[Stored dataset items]
= Beginning of Section =
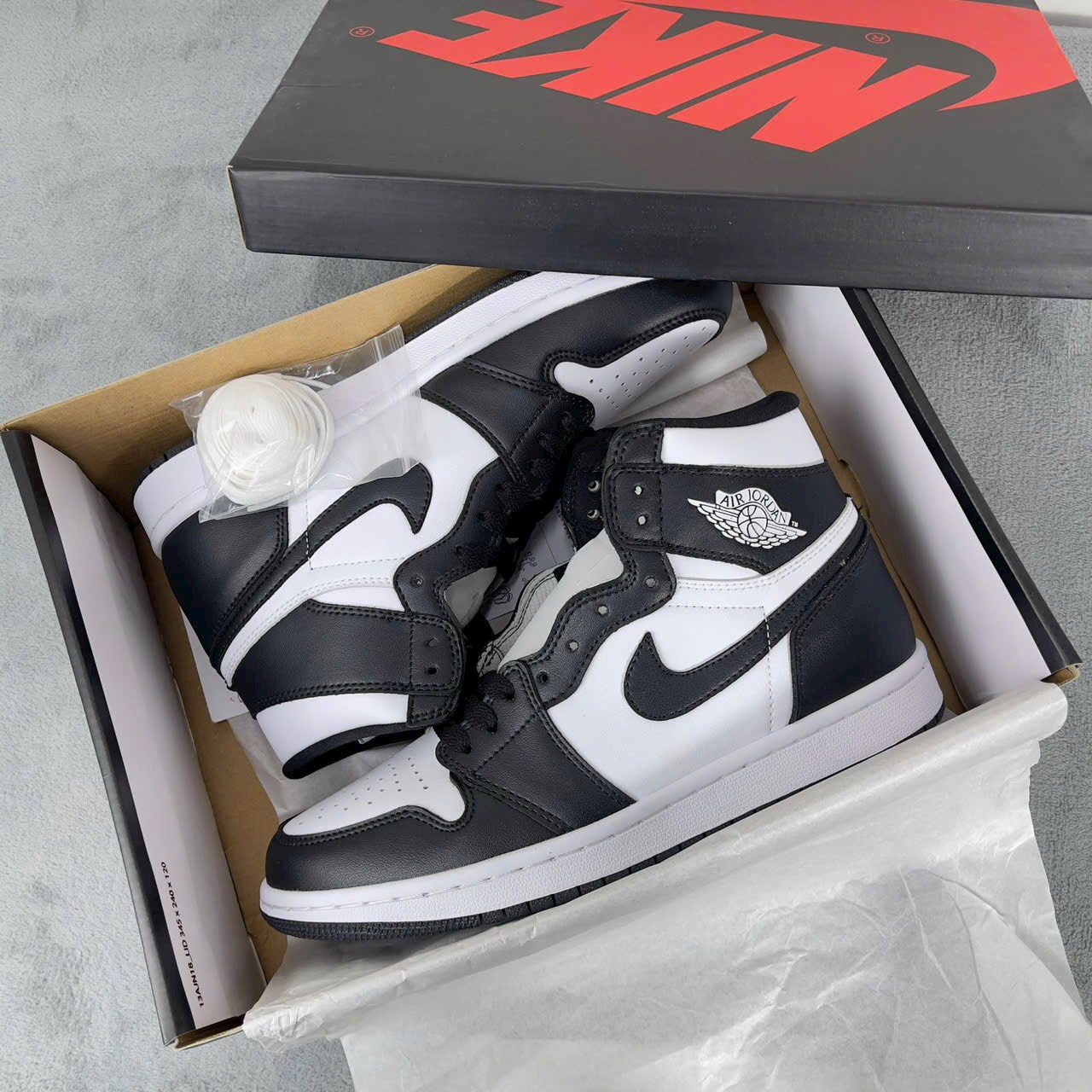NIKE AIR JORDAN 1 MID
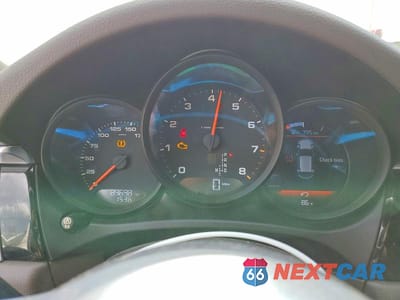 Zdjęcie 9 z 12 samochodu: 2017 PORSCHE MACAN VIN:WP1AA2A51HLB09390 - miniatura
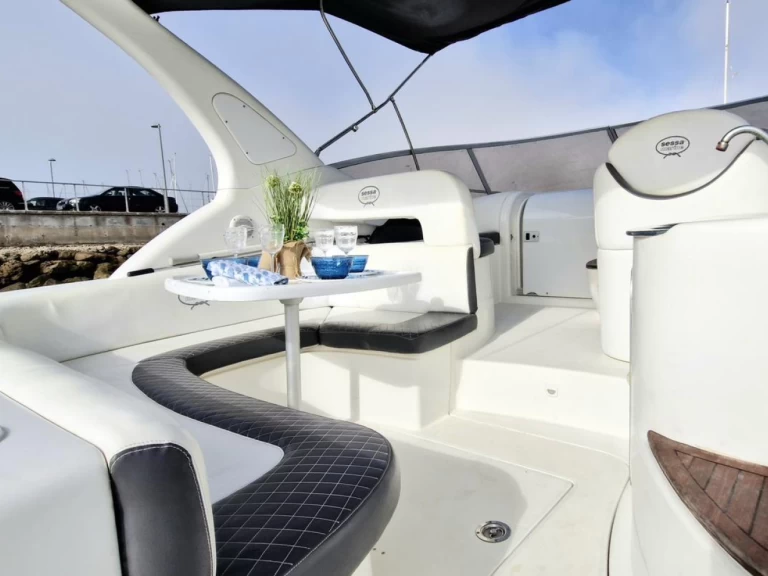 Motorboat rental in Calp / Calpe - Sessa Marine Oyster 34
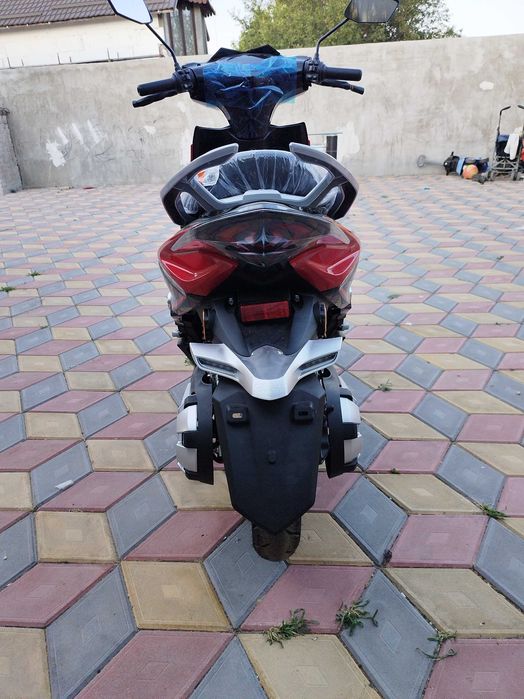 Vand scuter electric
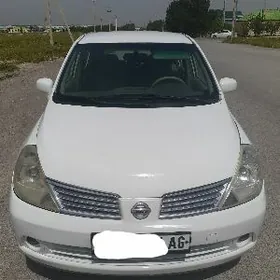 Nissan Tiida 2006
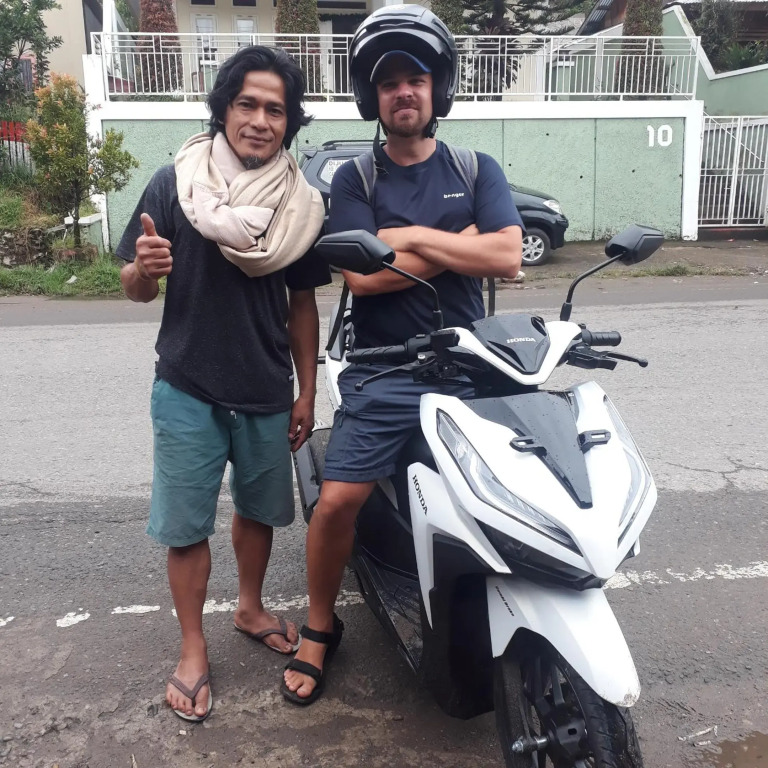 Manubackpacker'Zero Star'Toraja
= End of Section =
### Requirement
With the pictures omitted, print precisely the lines from the one with "Vand scuter electric" to the final line of the records, both included.

### Completed task
 Vand scuter electric
 Nissan Tiida 2006
 Manubackpacker'Zero Star'Toraja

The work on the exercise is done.